Mainly that it's hardware enforced (as the quoted paragraph says). This makes it harder to attack, and hopefully it's also a bit faster (how measurable that might be will be an open question, but even NOPs in function entry/exit tend to get noticed).
clang shadowstack seems to use x18. this is only valid on a platform like android that can reserve x18, not deployable widely on linux distros.
with gcs the same binary works with gcs enabled or disabled. and it can support disabling gcs at runtime. this is important for incremental deployment or with late detection of incompatibility. clang shadowstack cannot do this. (and there is no abi marking so it is easy to create broken binaries.)
android uses fixed 16k shadowstack, controlling this size from userspace is missing from the current gcs abi patches. the default gcs size can be huge so this may be an actual issue for gcs on android where RLIMIT_AS, RLIMIT_DATA etc are often set i think. but the fixed size has its problems too (e.g. there are libraries, boehm gc, that recursively call a function until segfault to detect stack bounds).

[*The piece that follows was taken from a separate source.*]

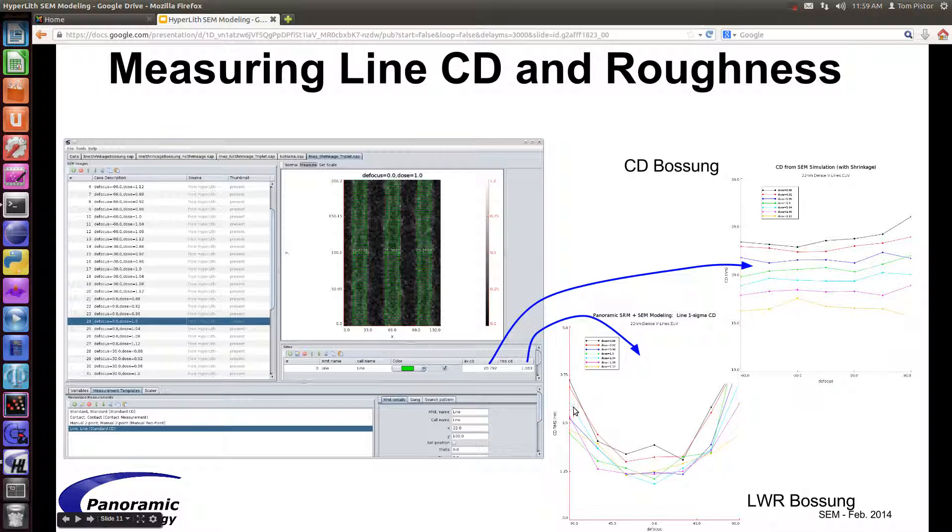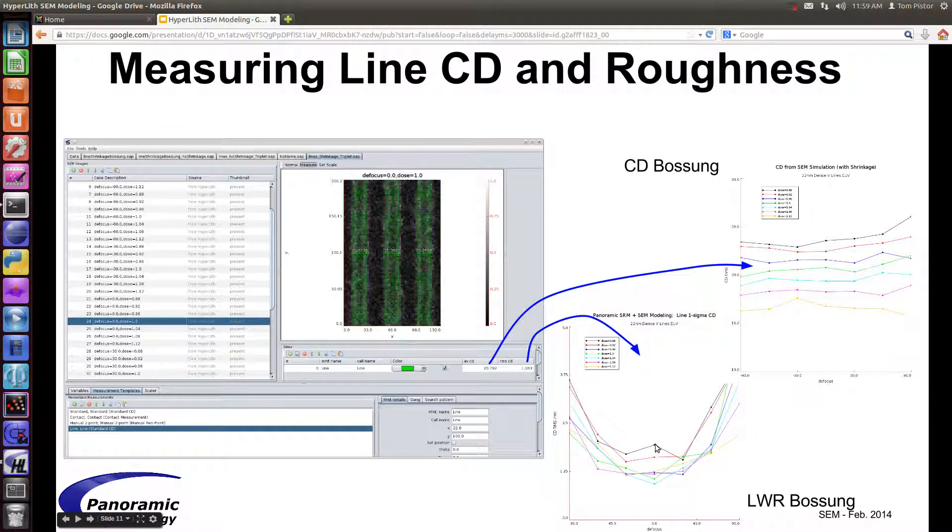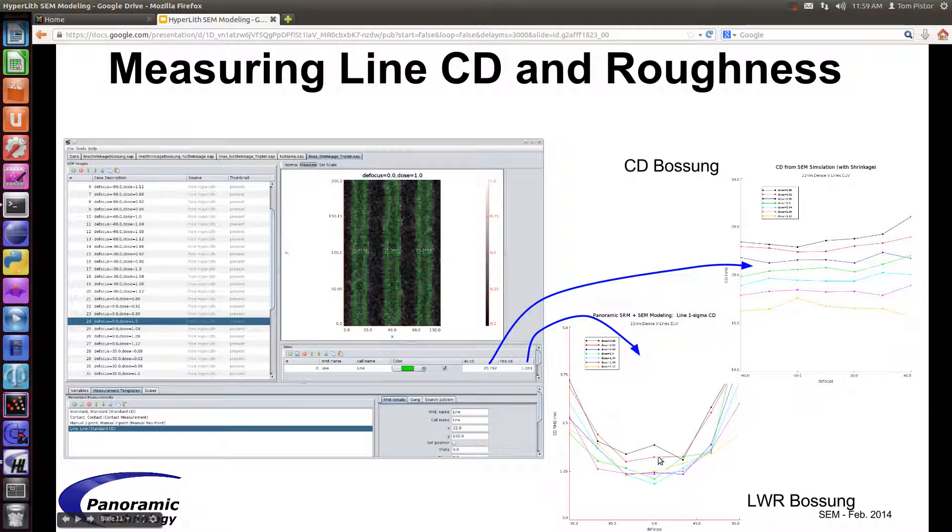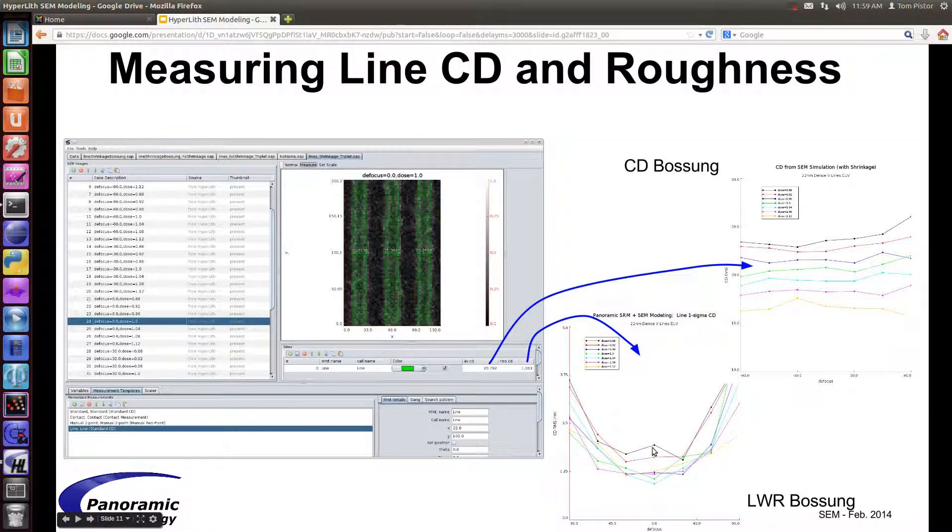So you can see at best focus, you have the lowest LWR, and out of focus, you have a higher LWR. Also, for the higher dose, the LWR goes down. In the lower dose, the LWR goes up.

i think the clang shadowstack design does not allow safely switching between shadow stacks. bionic has no makecontext so code that does userspace task scheduling presumably has to do custom things which would need modifications and likely introdce security weakness where x18 is set. (this also means sigaltstack would have the same limitations as the current gcs patches: shadow stack overflow cannot be handled if the signal handler itself wants to use the same shadow stack. one advantage of the weaker software solution is that it can be disabled per function however a signal handler may indirectly call many other functions so i'm not sure if this helps in practice.)
as usual with these sanitizers we cannot recommend them to users in general: they only work in a narrow context. to be fair shstk and gcs are only a little bit better in this case.